Una triste ricorrenza che non è certo stata dimenticata dalla delegazione di giornaliste ucraine impegnate in prima linea nella guerra contro la Russia di Putin che abbiamo incontrato ieri in Senato con il Sen. Giulio Terzi. Sei attiviste e giornaliste che hanno deciso di restare nelle loro città. Hanno deciso di rischiare la vita in nome di una società democratica, di un tessuto sociale d’informazione locale che le bombe di Putin hanno tentato di spazzare via il 24 febbraio 2022.

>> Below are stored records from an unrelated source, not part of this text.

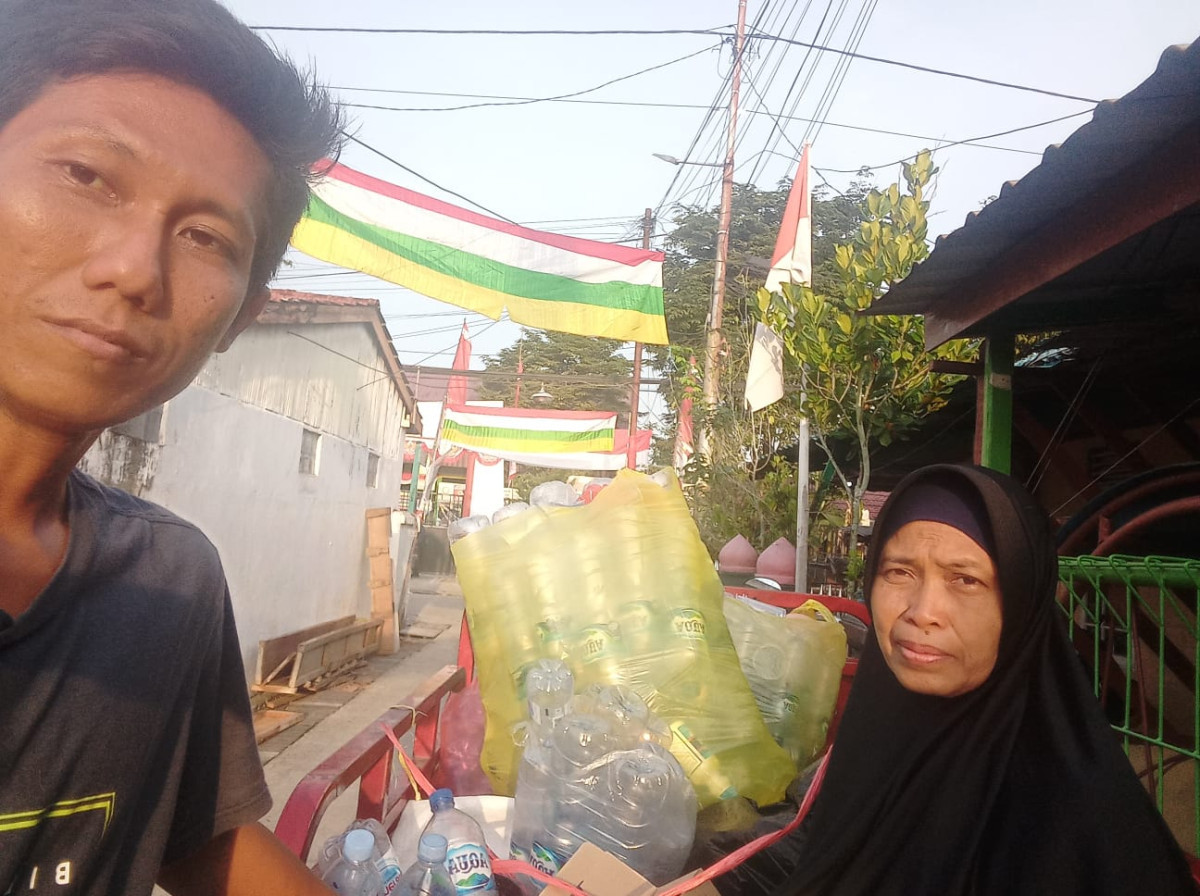 penimbangan sampah yang bernilai di bank sampah mijukasi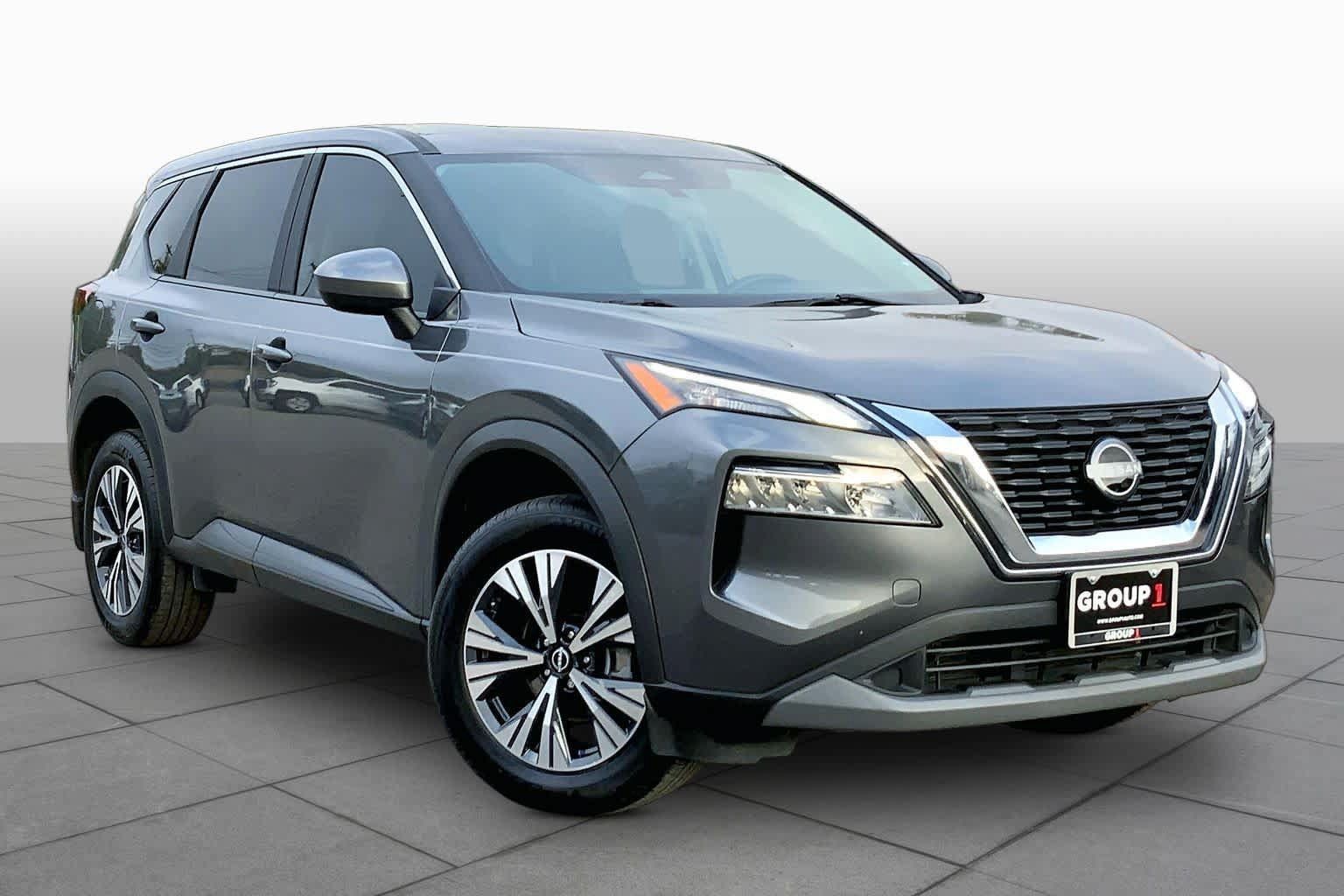 Used 2023 Nissan Rogue SV FWD image 3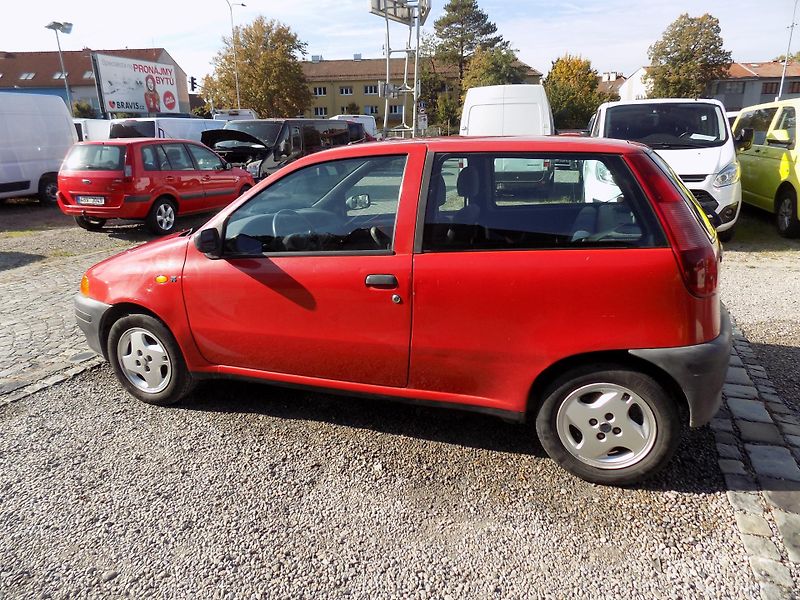 Fiat Punto 1,2I 54 KW SX CENTRÁL, KLIMA - fotka 13 z 30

Costretti a vivere sotto il coprifuoco e con infrastrutture danneggiate, milioni di civili ucraini si sono ritrovati senza servizi telefonici, senza corrente, senza accesso ad internet, senza possibilità di comunicare e senza informazioni se non quelle fabbricate dalla feroce propaganda russa. Un’oscurità che tuttavia non è durata: da un lato la risposta militare ha respinto i russi oltre il confine a nord e li ha contenuti ad est, dall’altro la volontà dei cittadini di non mollare ha salvato intere comunità dal buio in cui erano sprofondate.
Con gli uomini impegnati al fronte, all’origine di questo miracolo vi sono Natalia Kalinichenko, Natalia Pakhaichuk, Kateryna Klochko, Alla Skoryk, Taisiya Garmash e Olena Vlasova. Nonostante la mancanza degli strumenti essenziali per il mestiere di giornalista, sono riuscite a creare le condizioni perché città e villaggi nelle regioni di confine di Chernihiv, Sumy, Kharkiv, Kherson, Mykolaiv, Odesa e Zaporizhzya, sostenute dalla rete Ukraine Rapid Response Fund, tornassero a ricevere informazioni arginando la disinformazione che accompagna la distruzione compiuta da Mosca.
Giornali come Vpered o Bilopil’shyna in poche pagine, ricche di informazioni preziose, hanno prodotto conoscenza e fatto la differenza – letteralmente – tra la vita e la morte. La lettura tempestiva ha infatti permesso ai locali di mettersi in salvo dopo essere state allertate di pericoli imminenti.
Ne è drammatico esempio la martoriata Bakhmut dove la prima pagina del giornale “Vpered” (Avanti) il 22 febbraio 2023 conteneva l’avviso “Bakhmut è divenuta la città più pericolosa dell’Ucraina. Evacuate!”. Il messaggio ha permesso agli abitanti di lasciare in tempo le loro abitazioni o di trovare un rifugio prima dell’arrivo dell’ennesimo, devastante bombardamento russo.
Il Presidente Zelenski ha sempre incoraggiato la stampa per la sua vitale funzione che ha permesso ad impedito ad interi territori di soffocare. Lo è stata in maniera crescente man mano che le regioni occupate venivano liberate: con storie di solidarietà, di speranza, di eroi, immagini ed interviste.
I media locali hanno svolto e svolgeranno sicuramente un ruolo fondamentale anche nella ricostruzione dell’Ucraina. Un obiettivo a cui l’Unione Europea contribuisce e nella quale l’Italia è pienamente coinvolta come dimostrato dalla conferenza, tenutasi in tema il 26 aprile a Roma.
L’UE e gli Stati membri, tuttavia, devono continuare a prestare attenzione soprattutto a quella che sarà la prossima offensiva che colpirà anche l’Italia: quella mediatica.
È lecito pertanto aspettarsi che la propaganda russa presenti gradualmente il conflitto come “congelato”, con l’obiettivo di corrodere il consenso attorno al sostegno politico, economico e militare garantito a Kiev dall’Occidente. La lotta alla disinformazione e per il diritto alla conoscenza continua.